PROBLEM DESCRIPTION ▸
Type out the lines below exactly, pictures excluded.

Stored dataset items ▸
# # # #
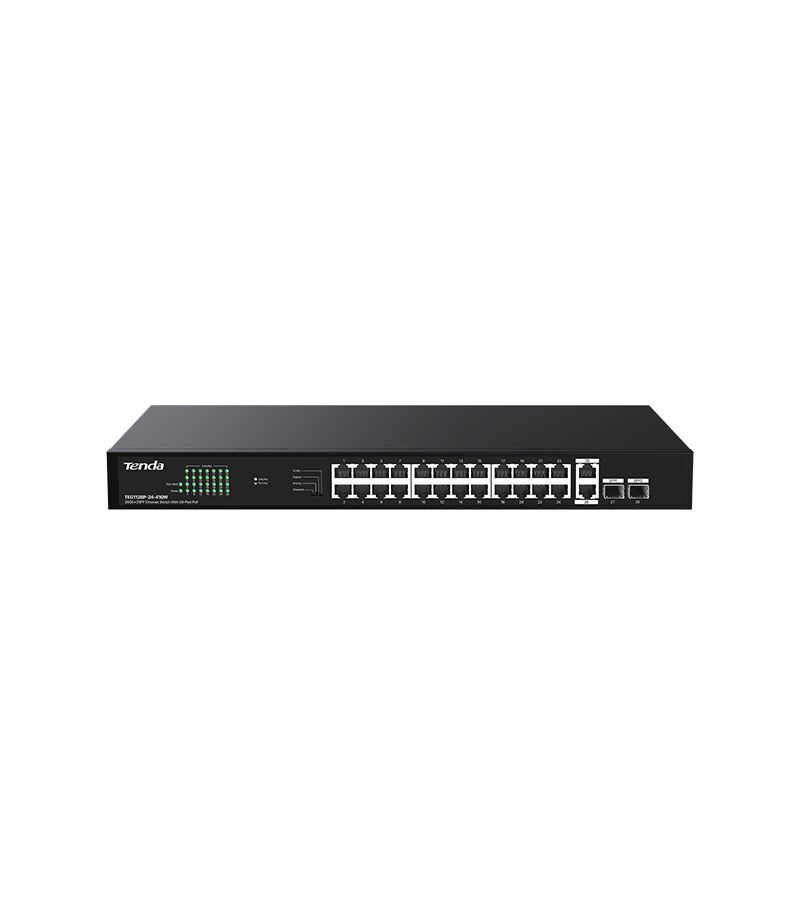 TENDA TEG1128P-24-410W 10/100/1000 24 PORT SWITCH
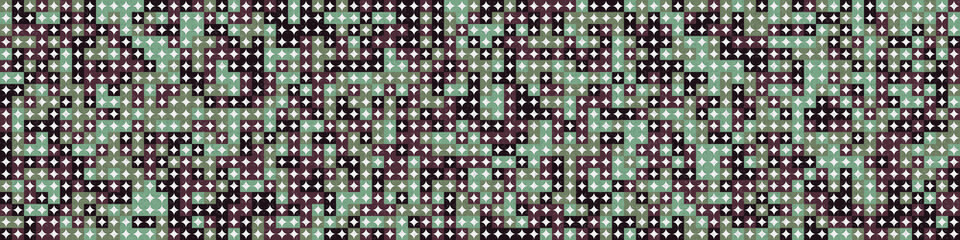Abstract Geometric Pattern generative computational art illustration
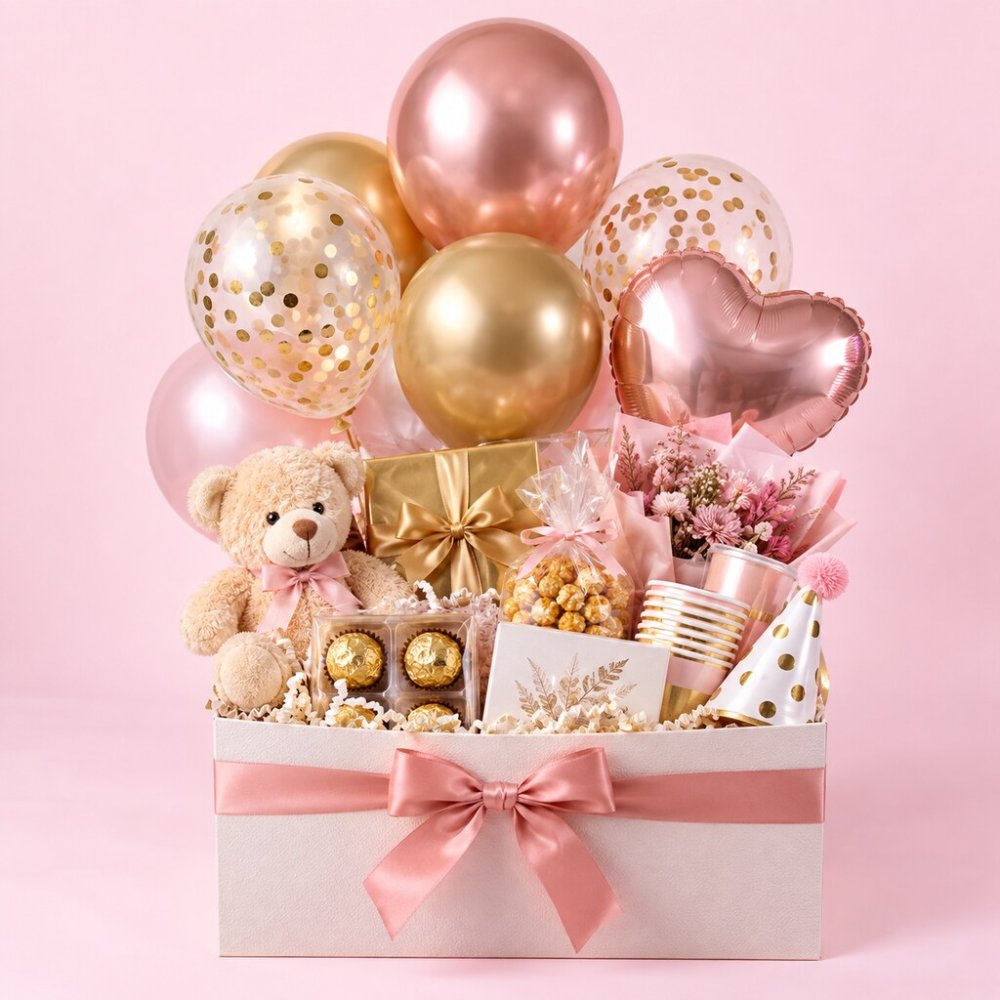 Celebration Balloon Gift Hamper Set | Rayong Party Kit
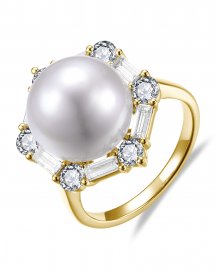 PEARL DIAMOND RING (TR6533)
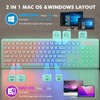 Wireless Keyboard & Mouse Combo, RGB Backlit USB Rechargeable Ergonomic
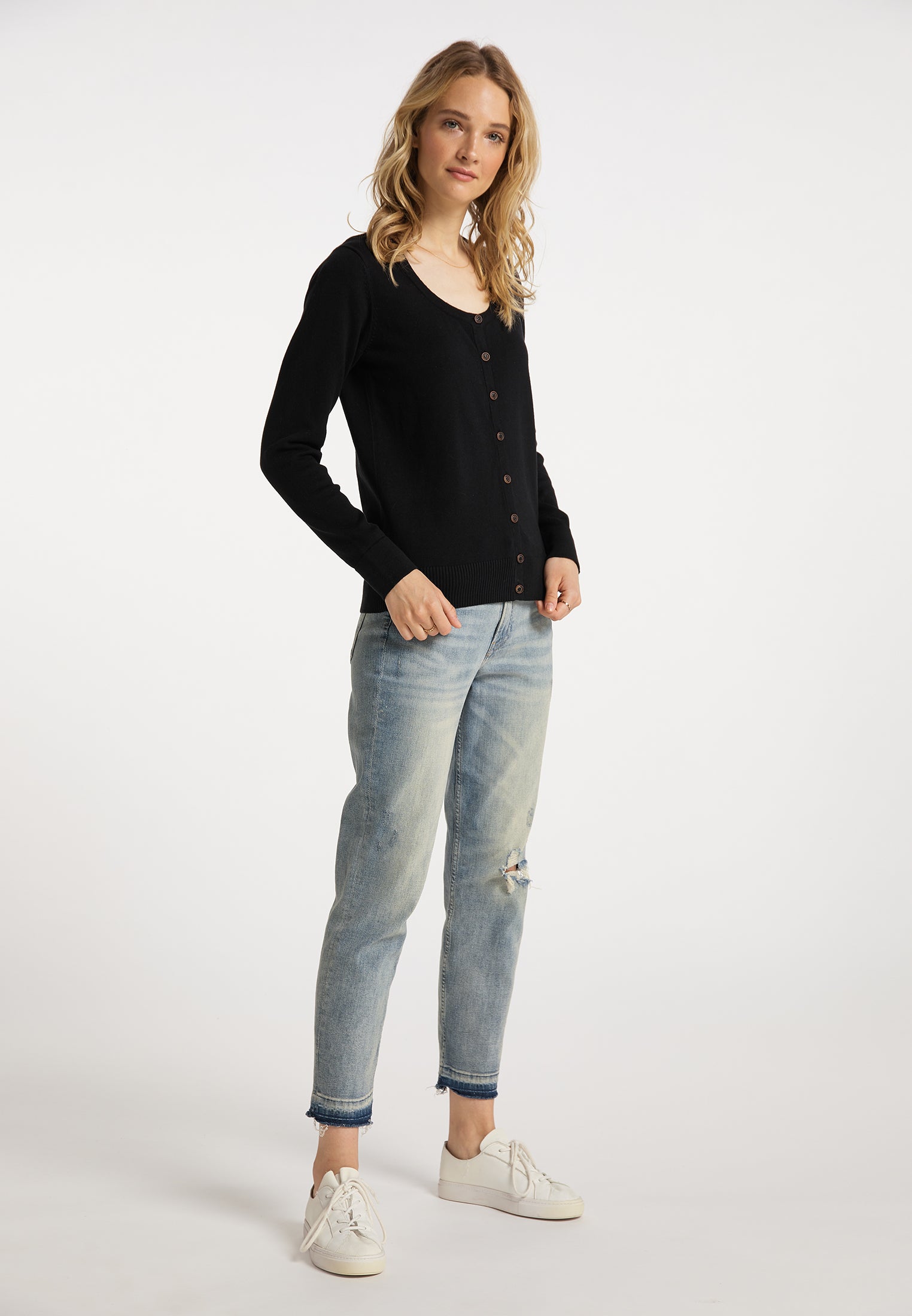 DreiMaster Vintage Damen Strickjacke
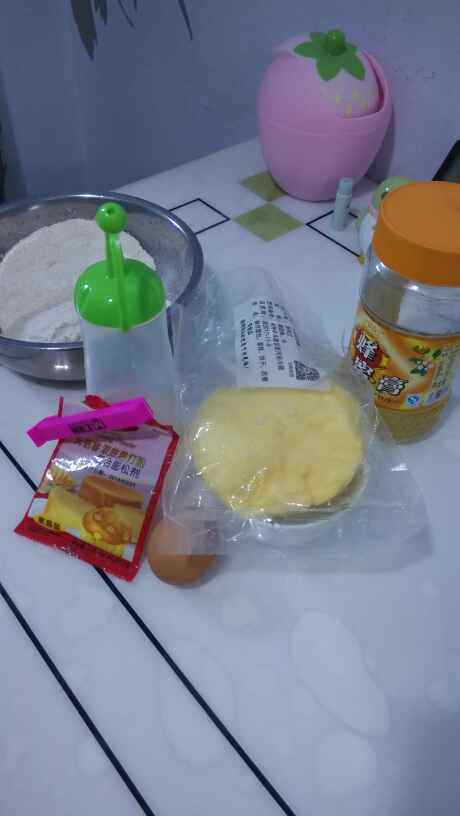 全麦低脂小熊饼干步骤2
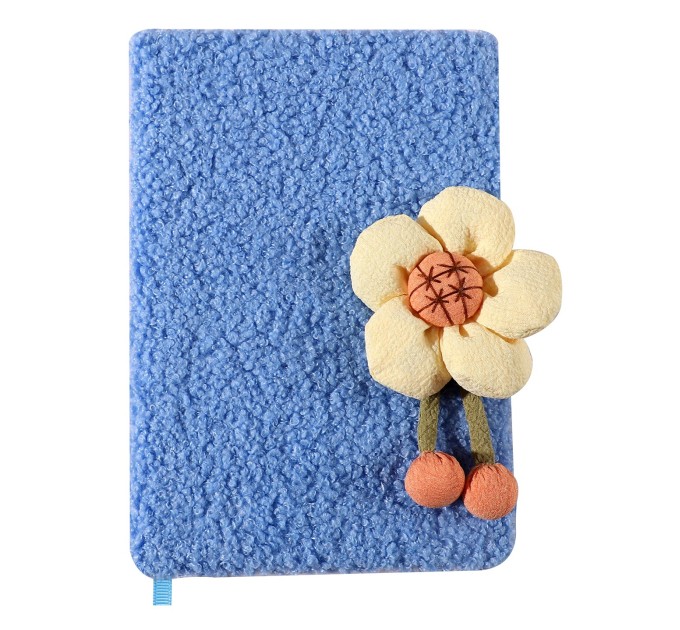Блокнот A5, 80 л., плюшевый, с магнитной застежкой, «Цветок» MR10260A5-1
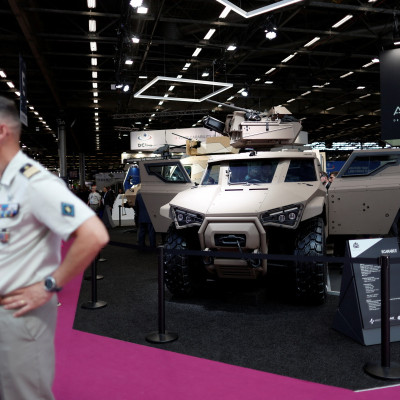 Eurosatory international defence and security exhibition in Villepinte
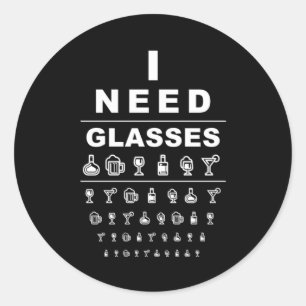 Adesivo Redondo Bebado Bebida Líquida Bebendo Álcool Mixologia Bar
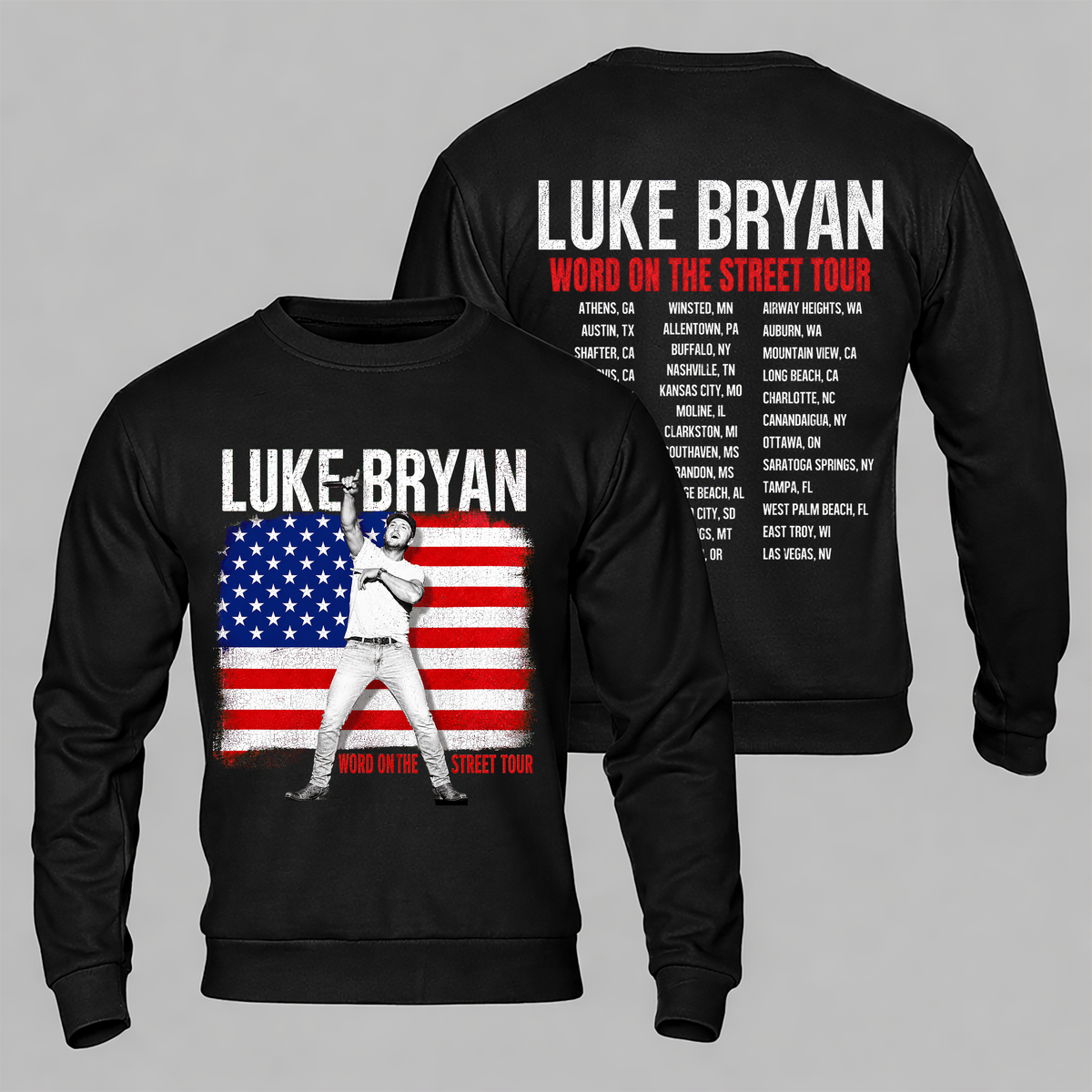 LB Word On The Street Tour Flag T- Shirt Gildan 5000, Sweatshirt & Hoodie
# # # #
RESPONSE TO THIS TASK ▸
 TENDA TEG1128P-24-410W 10/100/1000 24 PORT SWITCH
Abstract Geometric Pattern generative computational art illustration
 Celebration Balloon Gift Hamper Set | Rayong Party Kit
 PEARL DIAMOND RING (TR6533)
 Wireless Keyboard & Mouse Combo, RGB Backlit USB Rechargeable Ergonomic
 DreiMaster Vintage Damen Strickjacke
 全麦低脂小熊饼干步骤2
Блокнот A5, 80 л., плюшевый, с магнитной застежкой, «Цветок» MR10260A5-1
 Eurosatory international defence and security exhibition in Villepinte
 Adesivo Redondo Bebado Bebida Líquida Bebendo Álcool Mixologia Bar
 LB Word On The Street Tour Flag T- Shirt Gildan 5000, Sweatshirt & Hoodie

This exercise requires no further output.